À propos de moi


L'oeil du photographe, juillet 2012

L’oeil du photographe, juillet 2012

   Il y a deux manières d’envisager l’acte de photographier. Soit on se laisse surprendre par l’instant, on dégaine le premier appareil qui nous tombe sous la main et on enclenche le flash à l’aveugle en se disant que ça fera bien l’affaire et qu’on mettra un filtre par dessus pour corriger les imperfections.

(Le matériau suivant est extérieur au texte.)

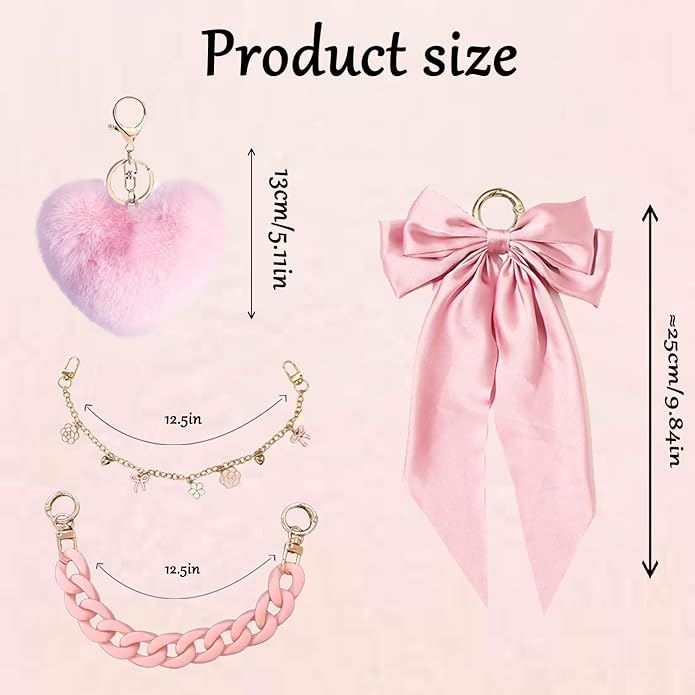CuddleJunk Bag Charms for Tote Bags, Satin Bow Keychain Kit Accessories for Yeti Camino, Fluffy Ball Gold Chains Charms for Women Purse Beach Handbag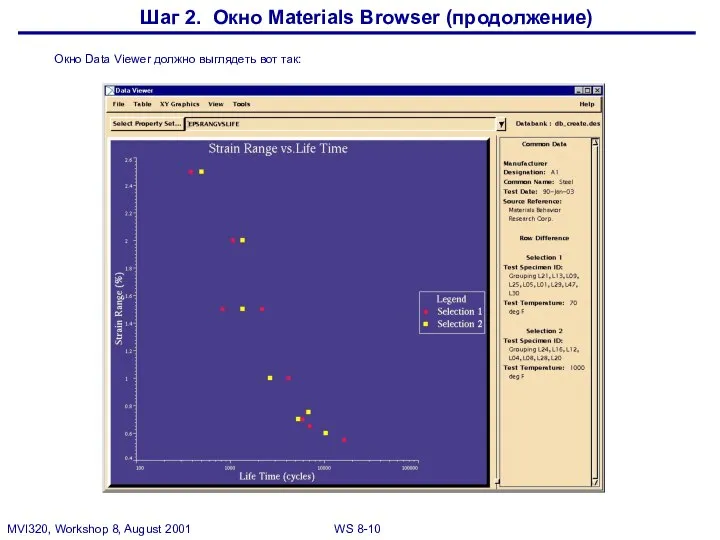 Шаг 2. Окно Materials Browser (продолжение) Окно Data Viewer должно выглядеть вот так: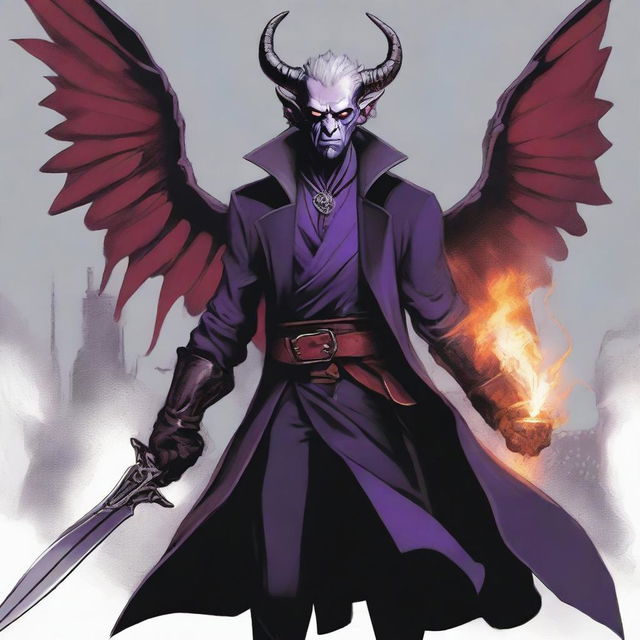 A 50-year-old Tiefling with wings, wearing a black coat, holding a large sword with a purple flame at the tip of the blade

Ou alors, on choisit de porter des kilos de matériel « au cas où » pour ne laisser au hasard qu’une toute petite fenêtre et pour mieux regretter – lorsque l’occasion se présente enfin – d’avoir laissé de côté (parce qu’il n’y avait plus de place dans le sac) l’objectif qui aurait fait de cet instant fugace un immortel cliché digne d’être admiré par les générations futures.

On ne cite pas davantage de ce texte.